The problem
Reproduce verbatim the lines of the material below, starting at the line with "Used 2025 Nissan" and ending at the line with "Grace Woven in", both inclusive; skip the rest.

Provided records
----
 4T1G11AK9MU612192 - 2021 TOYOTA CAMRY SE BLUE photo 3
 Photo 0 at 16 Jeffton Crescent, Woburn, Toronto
----
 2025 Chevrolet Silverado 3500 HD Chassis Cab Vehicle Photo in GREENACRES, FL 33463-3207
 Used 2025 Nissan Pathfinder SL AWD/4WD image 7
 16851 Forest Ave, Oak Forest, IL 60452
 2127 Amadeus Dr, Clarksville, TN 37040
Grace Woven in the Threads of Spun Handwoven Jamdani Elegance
----
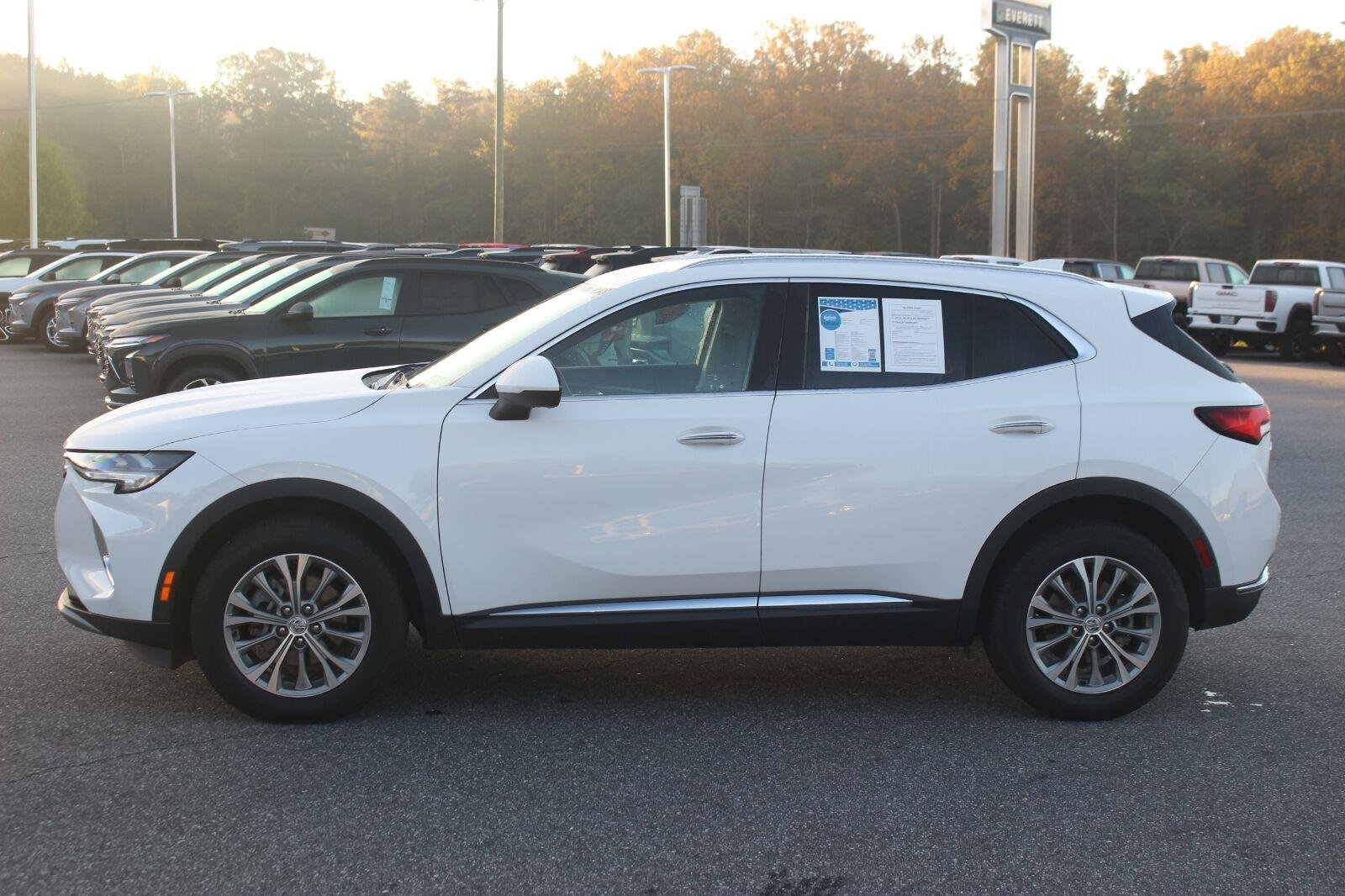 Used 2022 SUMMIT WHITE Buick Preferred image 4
----
Exercise response
 Used 2025 Nissan Pathfinder SL AWD/4WD image 7
 16851 Forest Ave, Oak Forest, IL 60452
 2127 Amadeus Dr, Clarksville, TN 37040
Grace Woven in the Threads of Spun Handwoven Jamdani Elegance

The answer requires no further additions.